馬場の慎重居士ぶりがその理由で、会見場に知らない顔を見つけるとそれだけで口数が少なくなり、変な質問などしようものなら、あからさまに無視されてしまう。普通の質疑応答ができるようになるまでには、相当な場数を踏むことが求められたという。

しかも、馬場は基本的に「当たり前」のことしか言わないから、記事にするのも大変である。馬場の名言として今に伝わるものはいくつもあるが、テレビ解説などで映像が残っているもの以外は、そのほとんどが「気心の知れた周囲の人間による創作」である可能性が高い。

もっとも創作とはいえ、メディアに無断で発表することなどは許されるべくもない。馬場本人ではなくとも、うるさ型の元子夫人なり、古参スタッフなりがしっかりと検閲しているのだから、実際にその発言があったか否かはともかくとして、馬場の本心に近いものであったはずだ。

プロレスこそが格闘技の集大成

そんな馬場の名言の中でも、特筆すべきものとして「シューティングを超えたものがプロレスだよ」がある。

他団体に対しては、基本的に「我関せず」の態度をとることの多い馬場にしては珍しい発言で、このインタビューを掲載した『週刊プロレス』の記事では大見出しにもなっている。

第2次UWFやPRIDEなどの総合格闘技が人気を博した際に、たびたび引用された言葉ではあるが、初出は1985年、このときシューティングと言ったのは第1次UWFのことだった。

当時、UWF(特に同団体に参戦して理論面を主導した佐山聡)は、相手を潰すガチンコ的な意味合いの言葉として、プロレス界の隠語「シューティング」を堂々とキャッチフレーズにしていた。

対して馬場は、「UWFの選手はシューティングがプロレスを超えたものだと思っているのだろう。俺はシューティングを超えたものがプロレスなんだと思うんだよ」と言及し、それらも含めたあらゆる格闘技の集大成がプロレスなのだと結んでいる。

この発言をスキャンダラスなものとして捉える向きもあり、「馬場は総合格闘技よりも、プロレスのほうが上だと語った」という解釈をされることもある。しかし、発言の時期からしても、馬場にそこまでの意識があったとは考えづらい。

この頃の全日には、同年1月から長州力率いるジャパンプロレス勢が参戦しており、3月には全米で話題のザ・ロード・ウォリアーズが初来日するという上昇気流のさなかにあった。ゆえに第1次UWFなどは、ほとんど馬場の視界に入っていなかったに違いない。

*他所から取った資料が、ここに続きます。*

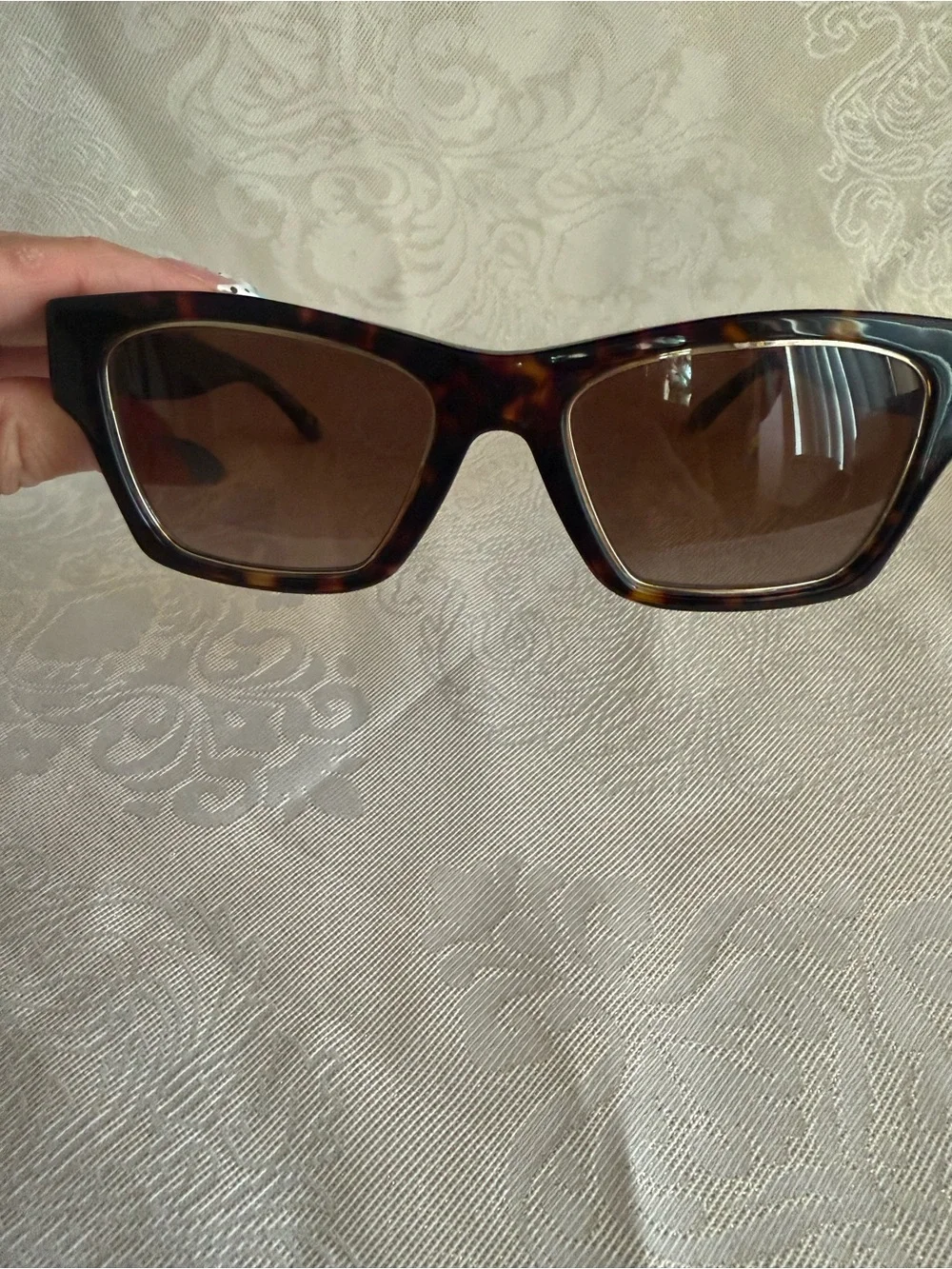 Tory Burch Tortoiseshell Sunglasses with Brown Lenses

つまり、馬場からしてみれば、軽い気持ちで自分なりの「シューティング」に対する解釈を口にしたにすぎず、それを編集サイドがタイムリーな話題として取り上げたというのが真相ではなかったか。

インタビュアーの質問自体も「プロレスとシュートはどちらが上か」というような趣旨ではなく、「(UWFのキャッチフレーズに対して)一部から批判もあるようです」と、隠語を使ったこと自体を問題視していたように見受けられる。

そもそも、馬場がアメリカ遠征していた60年代は、トップレスラーたちにとってシューティングは「できて当然」のものだった。

全米を席巻した“東洋の大巨人”

跳ね返りの若手やローカル王者らが、「隙あらば大物食いをしてやろう」と向かってきた際、シュートの技術でギュッと締め上げる。そうした実力がないことには、大看板を背負って全米マットを渡り歩くことなどできない時代だったのだ。

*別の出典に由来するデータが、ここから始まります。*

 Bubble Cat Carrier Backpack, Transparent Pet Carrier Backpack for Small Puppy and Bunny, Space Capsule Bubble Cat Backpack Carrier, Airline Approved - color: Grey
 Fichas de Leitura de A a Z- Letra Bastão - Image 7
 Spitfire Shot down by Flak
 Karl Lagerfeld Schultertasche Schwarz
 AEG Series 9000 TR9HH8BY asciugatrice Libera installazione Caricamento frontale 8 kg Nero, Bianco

馬場にしてもこれは同じだった。まだ太平洋戦争の傷痕が残るこの頃、「憎きジャップの大男など懲らしめてやる」といった輩は少なからずいたはずで、そうした相手をしっかりと倒してきたからこそ、ヒールとして全米マットに君臨することができたのだ。

そんな馬場からすれば、「たかがシュートぐらいで青二才が何を威張っているのだ」というのが、当時の本音であったろう。

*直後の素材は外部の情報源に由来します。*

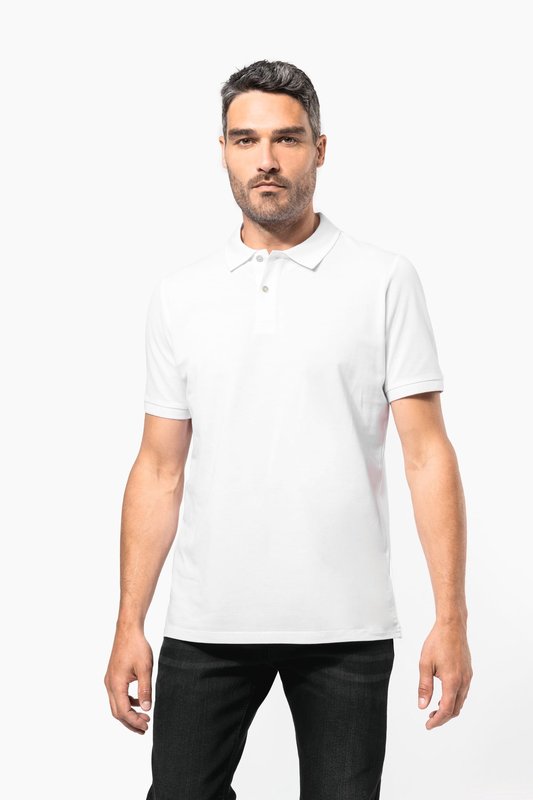 Polo Supima® manches courtes homme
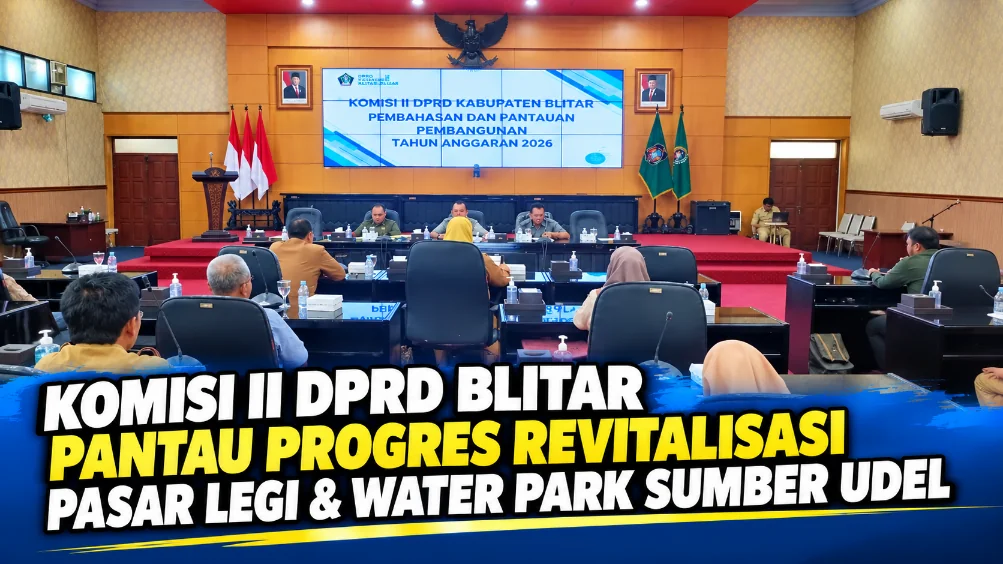 Komisi II DPRD Kota Blitar Pantau Progres Revitalisasi Pasar Legi & Water Park Sumber Udel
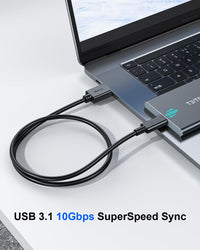 USB A to USB C Cable 3.3FT, USB to USB C Data Cable Gen2 10Gbps,USB 3.0 to USB C Cable Android Auto Cable 3A Compatible with USB C External SSD,Samsung Galaxy S21 S20 S10 S9 S8 Note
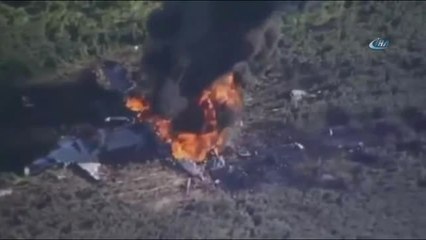 ABD'de Askeri Uçak Düştü: 16 Ölü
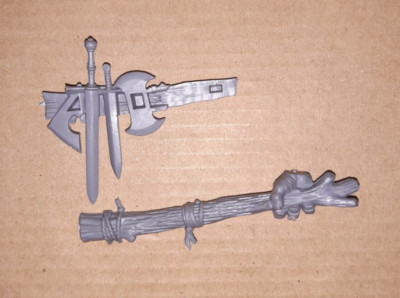 Warhammer Fantasy (AoS): Giant (Mancrusher Gargant) bits: Sword / axe club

なんといっても読売巨人軍で、一軍のマウンドにまで登った選手なのである。まだ「職業野球」と称された時代で、昨今ほどの高いレベルではなかったかもしれないが、それでも馬場がトップアスリートの一角にいたことには違いない。

アントニオ猪木の執拗な〝口撃〟もあって、その実力は低く見積もられがちだが、80年代あたりの馬場のイメージで、その全体像を語るのは早計だろう。

やはり60年代のアメリカで、トップを張った実績と実力を舐めてもらっては困るのである。